• The task
Write each line out exactly, from the one containing "this 1000×727 image." through the final line of the data, and keep pictures out of the copy.

━━━━━ Listed records

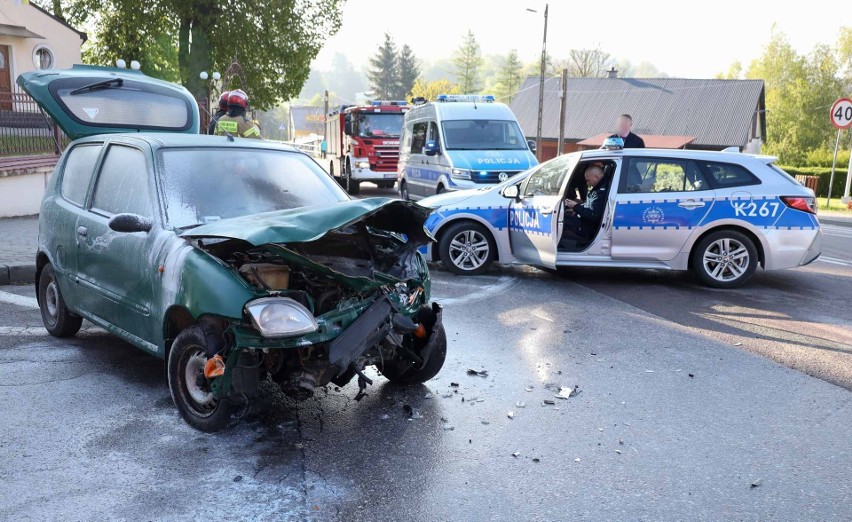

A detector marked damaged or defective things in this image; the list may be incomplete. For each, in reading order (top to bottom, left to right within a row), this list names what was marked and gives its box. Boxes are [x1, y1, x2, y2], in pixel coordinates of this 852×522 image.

green damaged car [20, 66, 446, 430]
broken headlight [245, 296, 318, 338]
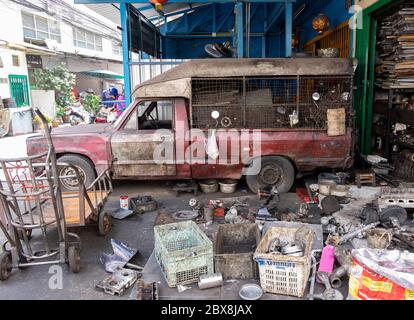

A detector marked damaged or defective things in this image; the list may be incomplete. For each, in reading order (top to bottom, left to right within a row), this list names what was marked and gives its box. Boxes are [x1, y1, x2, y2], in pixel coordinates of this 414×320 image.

rusty pickup truck [26, 58, 356, 192]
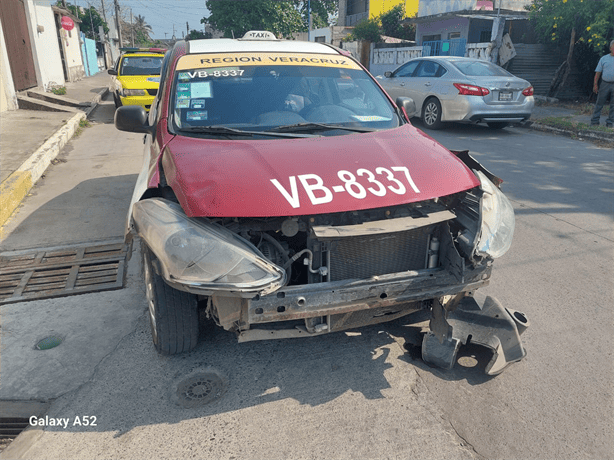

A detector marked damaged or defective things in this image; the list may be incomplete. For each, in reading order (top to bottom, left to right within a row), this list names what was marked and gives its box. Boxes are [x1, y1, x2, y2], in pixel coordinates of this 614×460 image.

broken headlight [132, 199, 286, 294]
crumpled hood [160, 124, 482, 217]
damaged red car [118, 32, 532, 376]
broken headlight [478, 171, 516, 258]
detached plastic bumper piece [424, 292, 528, 376]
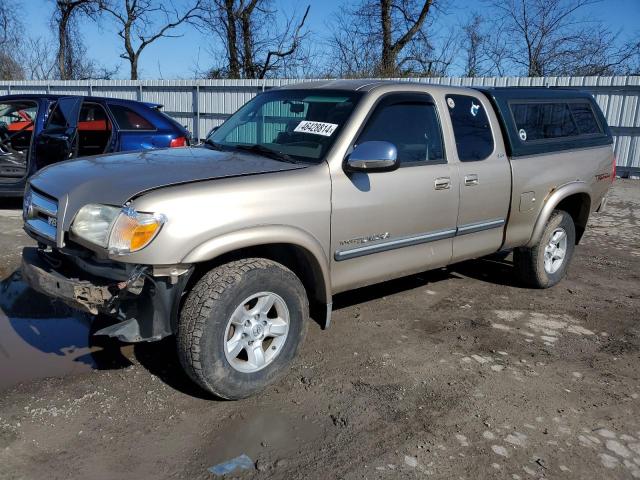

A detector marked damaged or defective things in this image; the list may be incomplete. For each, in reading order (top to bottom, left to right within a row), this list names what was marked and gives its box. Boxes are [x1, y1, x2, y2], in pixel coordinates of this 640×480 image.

front bumper damage [21, 246, 192, 344]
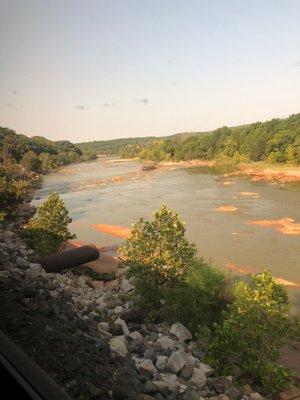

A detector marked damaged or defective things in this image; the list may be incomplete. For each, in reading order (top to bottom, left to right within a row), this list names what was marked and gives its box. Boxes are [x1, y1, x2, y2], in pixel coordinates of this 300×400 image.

rusted pipe [40, 245, 99, 274]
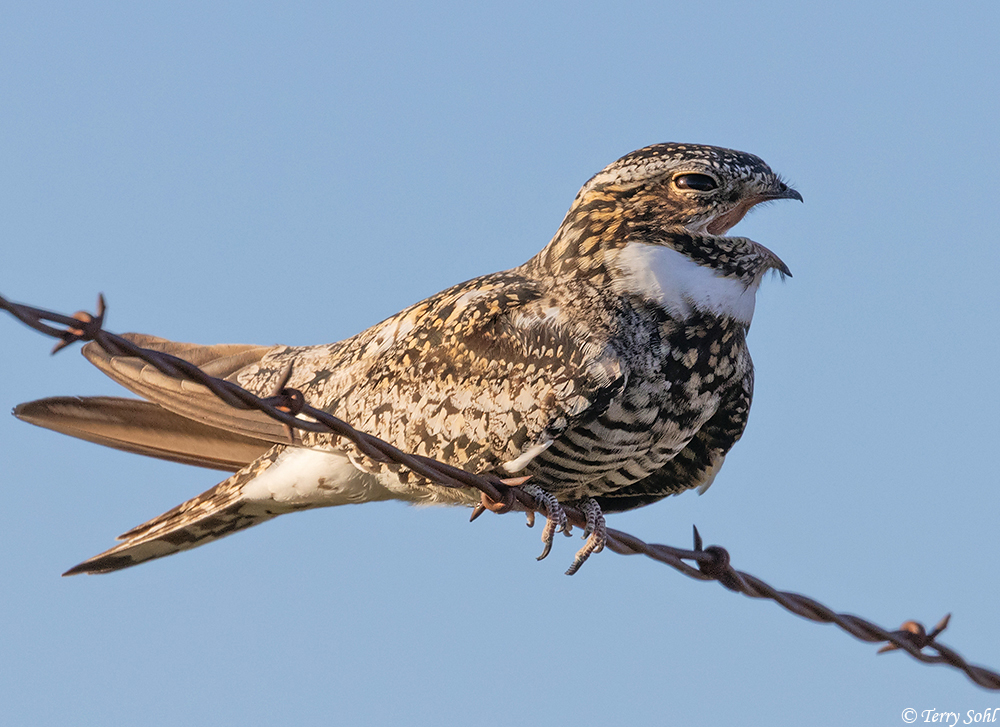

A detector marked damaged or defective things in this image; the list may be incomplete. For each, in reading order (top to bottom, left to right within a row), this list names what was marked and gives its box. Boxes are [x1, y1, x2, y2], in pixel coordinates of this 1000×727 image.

rusty wire [5, 292, 1000, 692]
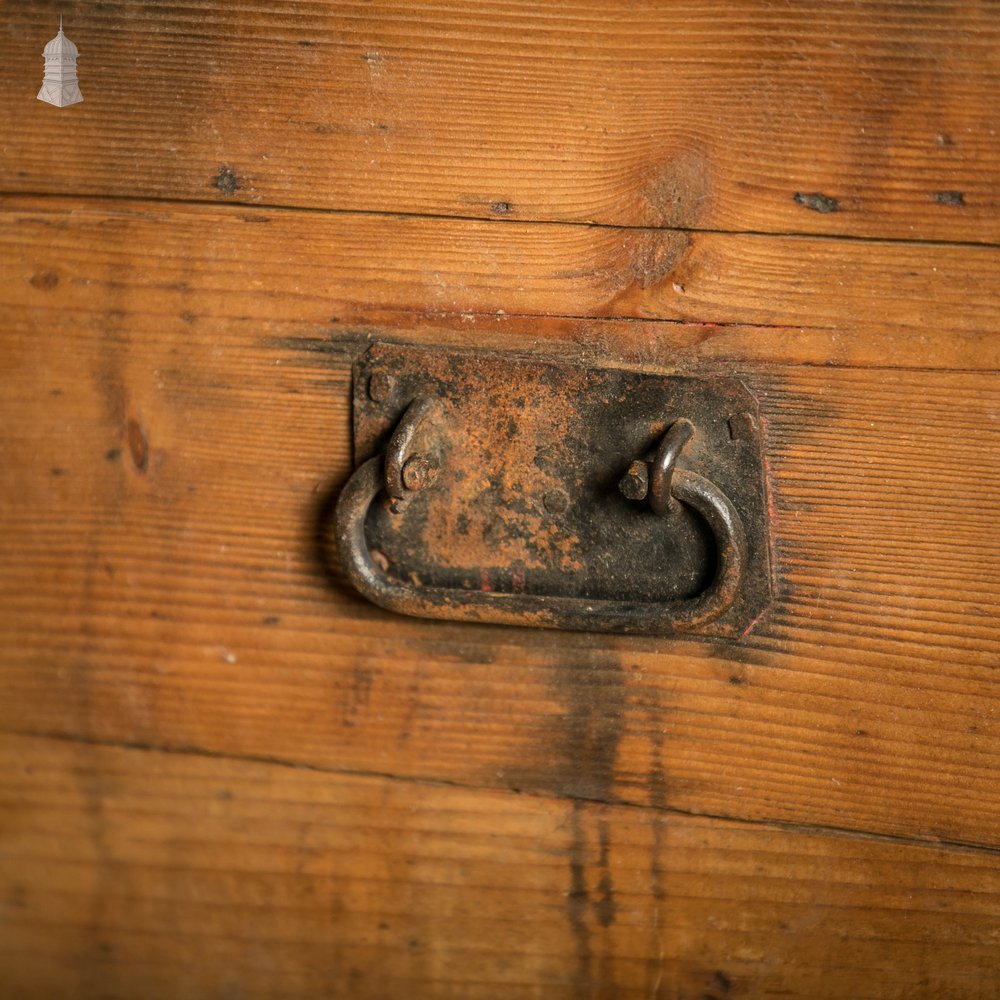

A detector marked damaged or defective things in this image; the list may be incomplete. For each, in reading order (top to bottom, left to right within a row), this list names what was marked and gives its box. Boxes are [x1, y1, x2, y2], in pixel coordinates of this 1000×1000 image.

━━━━━━━━━━

• Answer section
A detector marked damaged or defective things in this image; the list may be incomplete. For each, in reading order (top to bottom, left to right within a row), this list names what was marked and gives its box. Boxes are [x1, y1, x2, y2], in pixel coordinates of this 1000×727 image.

rusty wire [5, 292, 1000, 692]

A detector marked damaged or defective things in this image; the list may be incomplete. For each, in reading order (top to bottom, left to right within a row), this list names what was marked and gives its box. Boxes are [x1, y1, x2, y2], in pixel coordinates of this 1000×1000 image.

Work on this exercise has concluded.